▶ _EXERCISE DESCRIPTION_:
In the entries that follow, find every line containing "good" and copy it.

▶ _DATA IN THIS EXERCISE_:
************
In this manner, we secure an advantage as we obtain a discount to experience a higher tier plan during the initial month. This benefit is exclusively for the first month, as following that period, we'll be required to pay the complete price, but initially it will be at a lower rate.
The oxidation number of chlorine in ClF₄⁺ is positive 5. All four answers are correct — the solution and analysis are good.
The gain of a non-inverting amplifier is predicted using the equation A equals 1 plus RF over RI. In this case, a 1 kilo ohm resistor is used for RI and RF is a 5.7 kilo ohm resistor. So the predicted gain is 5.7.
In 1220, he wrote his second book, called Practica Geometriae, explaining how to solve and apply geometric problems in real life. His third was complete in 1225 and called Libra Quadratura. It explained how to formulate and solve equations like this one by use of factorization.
************
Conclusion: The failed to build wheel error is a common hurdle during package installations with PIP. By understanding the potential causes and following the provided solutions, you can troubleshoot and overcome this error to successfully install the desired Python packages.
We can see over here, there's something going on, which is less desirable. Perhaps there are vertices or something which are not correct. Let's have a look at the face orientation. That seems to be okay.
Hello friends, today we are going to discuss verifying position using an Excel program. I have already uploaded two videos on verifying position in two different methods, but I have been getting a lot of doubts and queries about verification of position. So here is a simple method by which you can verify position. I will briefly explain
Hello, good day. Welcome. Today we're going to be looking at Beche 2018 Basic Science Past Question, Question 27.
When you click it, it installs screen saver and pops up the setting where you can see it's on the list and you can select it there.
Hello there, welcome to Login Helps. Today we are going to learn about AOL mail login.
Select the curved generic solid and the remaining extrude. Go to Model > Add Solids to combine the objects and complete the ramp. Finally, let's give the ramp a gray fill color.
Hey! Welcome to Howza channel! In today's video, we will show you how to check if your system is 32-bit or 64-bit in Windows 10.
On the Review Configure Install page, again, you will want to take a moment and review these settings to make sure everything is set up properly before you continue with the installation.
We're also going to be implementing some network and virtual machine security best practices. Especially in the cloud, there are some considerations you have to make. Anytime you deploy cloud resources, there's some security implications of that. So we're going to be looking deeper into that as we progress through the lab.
************
▶ _RESULT OF THIS TASK_:
The oxidation number of chlorine in ClF₄⁺ is positive 5. All four answers are correct — the solution and analysis are good.
Hello, good day. Welcome. Today we're going to be looking at Beche 2018 Basic Science Past Question, Question 27.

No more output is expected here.